What the 2012 Library Levy Means for the Montlake Branch

Image: seattlepi.com

The Seattle City Council recently voted to send a 7-year, $123 million library levy to the August 7th ballot. The levy would restore funding to library services that have been cut in recent years. What specifically does this mean for the Montlake Branch? The benefits are spelled out by the SPL here:

  • Open 1-5 p.m.

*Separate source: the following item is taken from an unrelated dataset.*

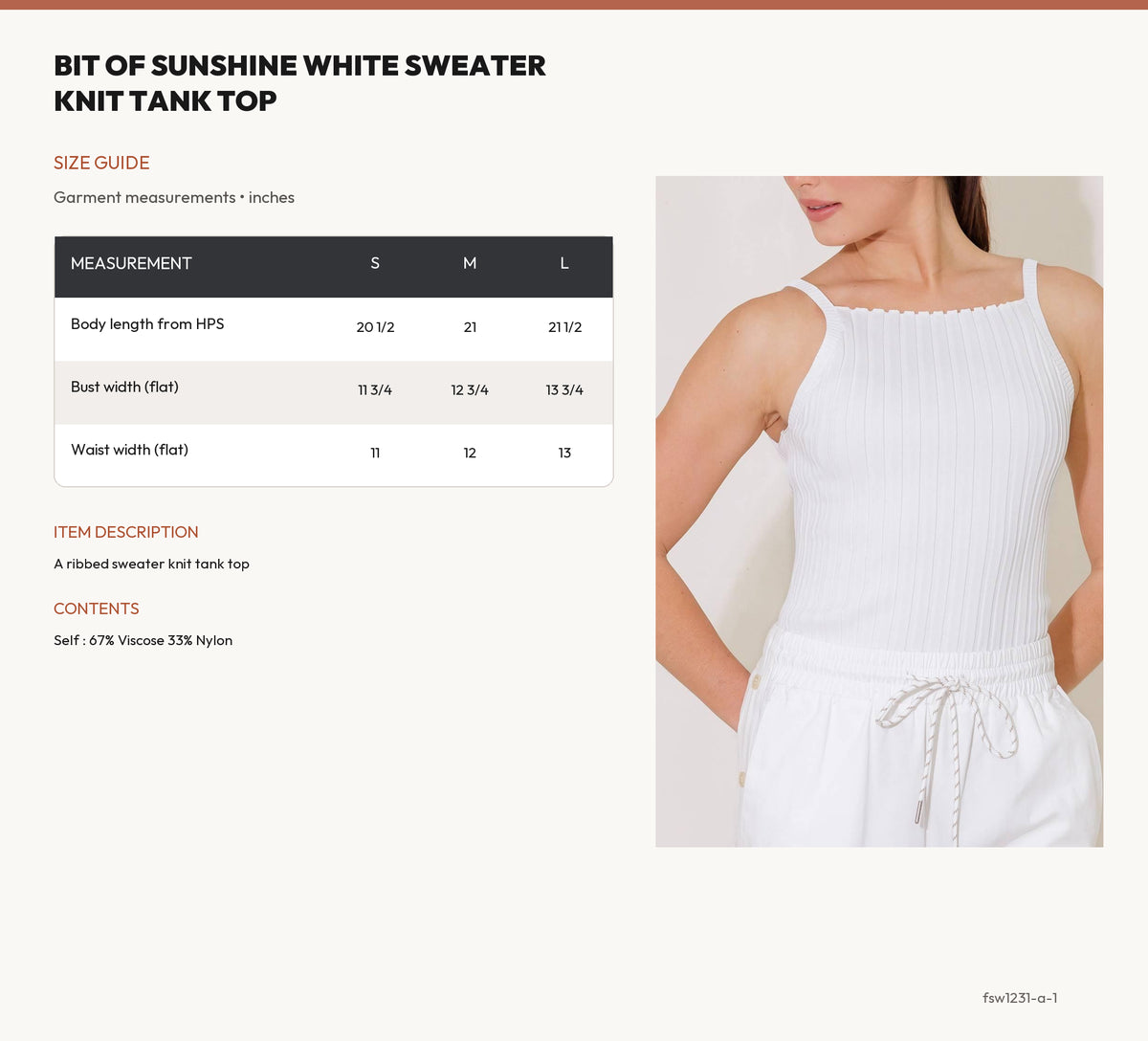 BIT OF SUNSHINE WHITE SWEATER KNIT TANK TOP size chart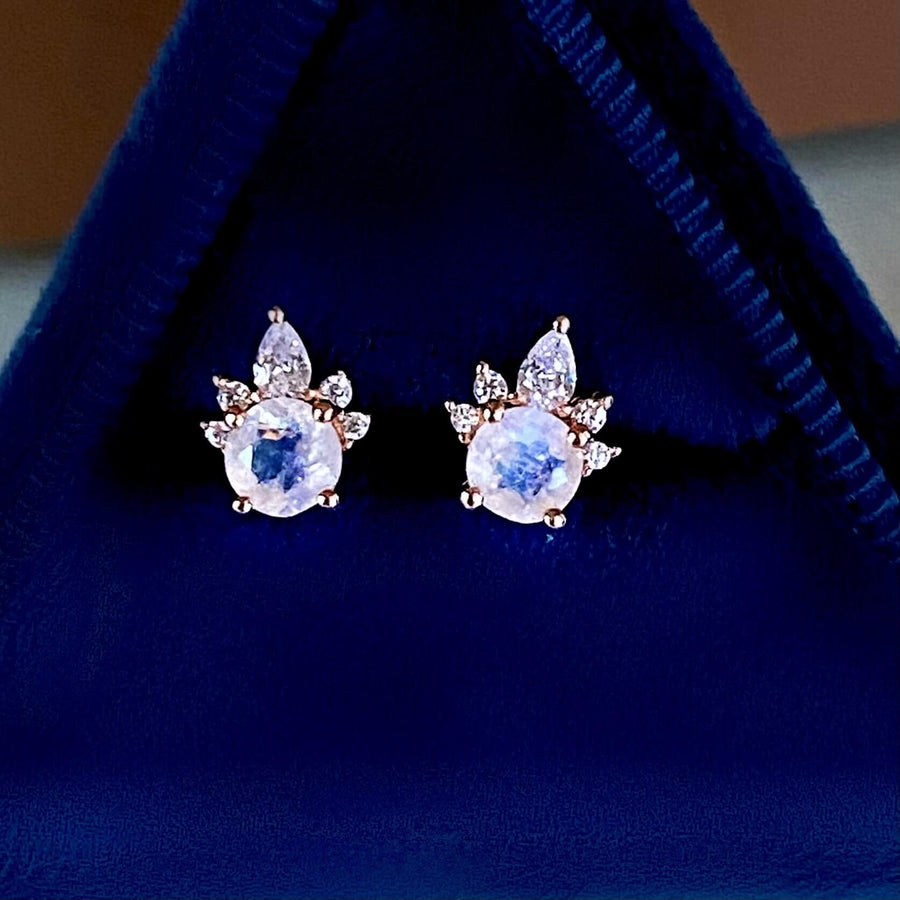 Vivian Grace Jewelry Earrings Ava Moonstone Studs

Sunday
  • Restore basic on-site reference staff
  • Add books, electronic books, movies and music and reduce wait times, especially for popular titles
  • Expand children’s collection of books systemwide to support early literacy and early learning
  • Eliminate one-week systemwide closure
  • Upgrade technology services, including computers, software, printers, copiers, online services and infrastructure
  • Increase maintenance, including specialized cleaning and furniture care, periodic restroom updates, major maintenance

The levy would add about $15 of property tax for every $100,000 of value, or cost the median homeowner in Seattle $52 a year. The back story, however, is the city’s expected budget cuts coming next year that might further diminish the library general fund. This levy would in part restore past cuts and but also hedge against future cuts. If it passes, and city officials look cynically toward the levy supplement, the near future may still end up looking more like the status quo of Friday / Sunday closures and a one-week summer furlough. If it doesn’t pass, library services could be cut even closer to the bone. It’s important to let City Hall know that libraries cannot sustain further general fund cuts.

2 thoughts on “What the 2012 Library Levy Means for the Montlake Branch

  1. What do you mean “if the city looks cynically towards the levy supplement”? I’d interpret that to mean that they would just take the money from a levy and put it into the general fund. Is that legal? If they did, I’d say its time to raise a big fuss.

  2. Levy funds and the city’s general fund are two totally separate things. If voters pass the levy, the city should see that as a strong affirmation of library services and then NOT cut the library’s general funds next year. If they do that, then yes, it’s time to raise a fuss.